Ah, I see. Thank you, that explains a lot.
You can still get a pure line ... somewhere down the generations. But I agree, the quickest way to move them back to pure white is to cross it with some of the thick white ones. It's hard to get any S quality in Canada though.
Anyway, I took a picture of one of them. Sorry about the quality though. It's really small.

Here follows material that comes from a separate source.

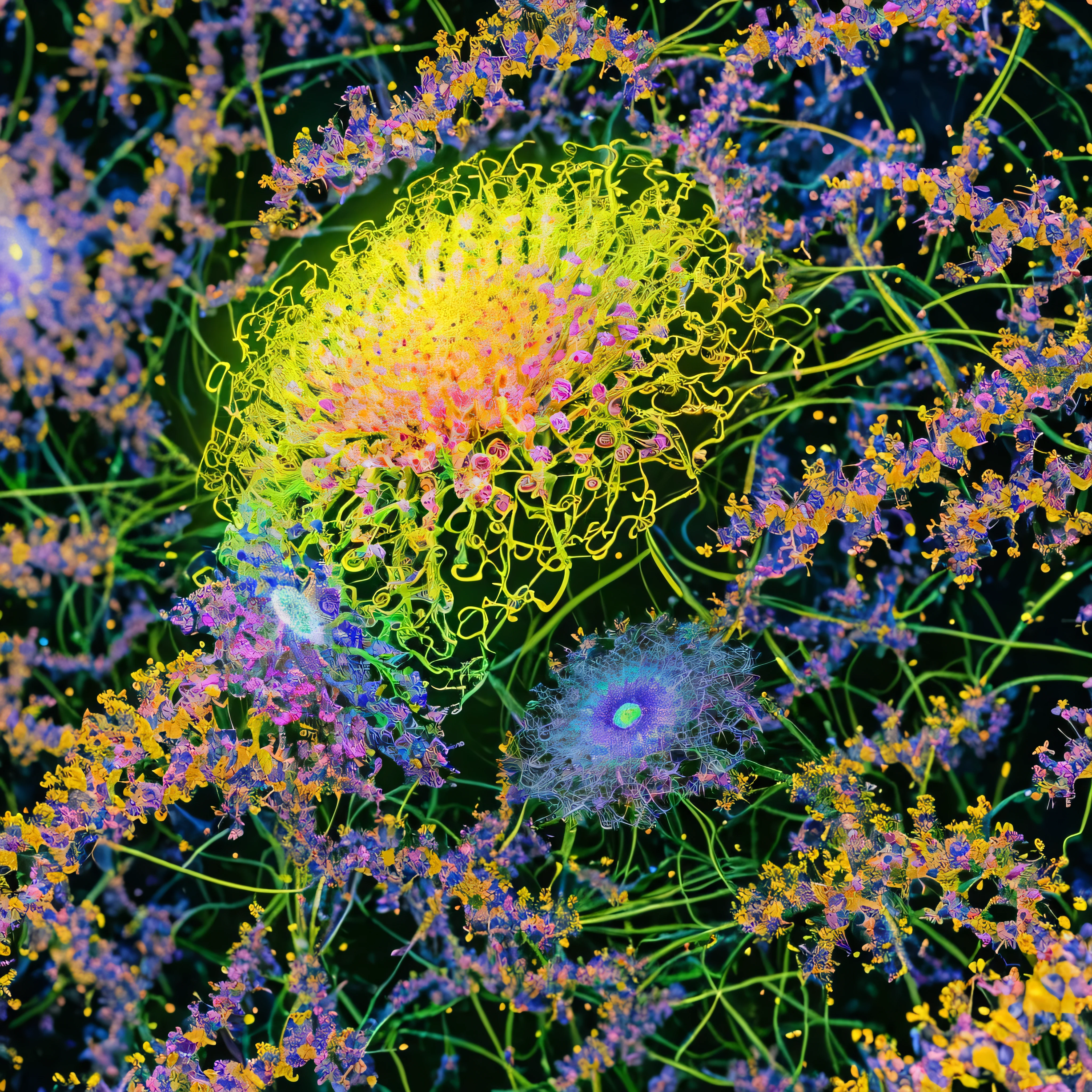 Experience the fusion of technology and nature as billions of layered massive neural networks of deep learning algorithms bloom into vibrant, generative design, ((digital and organic life forms)), generative design, digital and organic life forms, Complex System, evolutionary algorithm, Gene Expression Programming, complexity, unpredictability, uncertainty, dynamism of organisms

*Never pay again for live sex! | Hot girls doing naughty stuff for free! | Chat for free!*


----------



## camboy012406 (Jun 11, 2010)

wow looks gorgeous!


----------



## igor.kanshyn (Jan 14, 2010)

I see a lot of shrimps on prefilter sponge.
I suggest to feed them more and get more live plants. Plants are better place for shrimps to hang on


----------



## novice (Mar 14, 2006)

Igor, I feed them twice a day - however i notice whenever i rinse the filter, they always hang around the filter for a day or so. maybe something special after the rinse - Funny eh.


----------



## igor.kanshyn (Jan 14, 2010)

novice said:


> Igor, I feed them twice a day - however i notice whenever i rinse the filter, they always hang around the filter for a day or so. maybe something special after the rinse - Funny eh.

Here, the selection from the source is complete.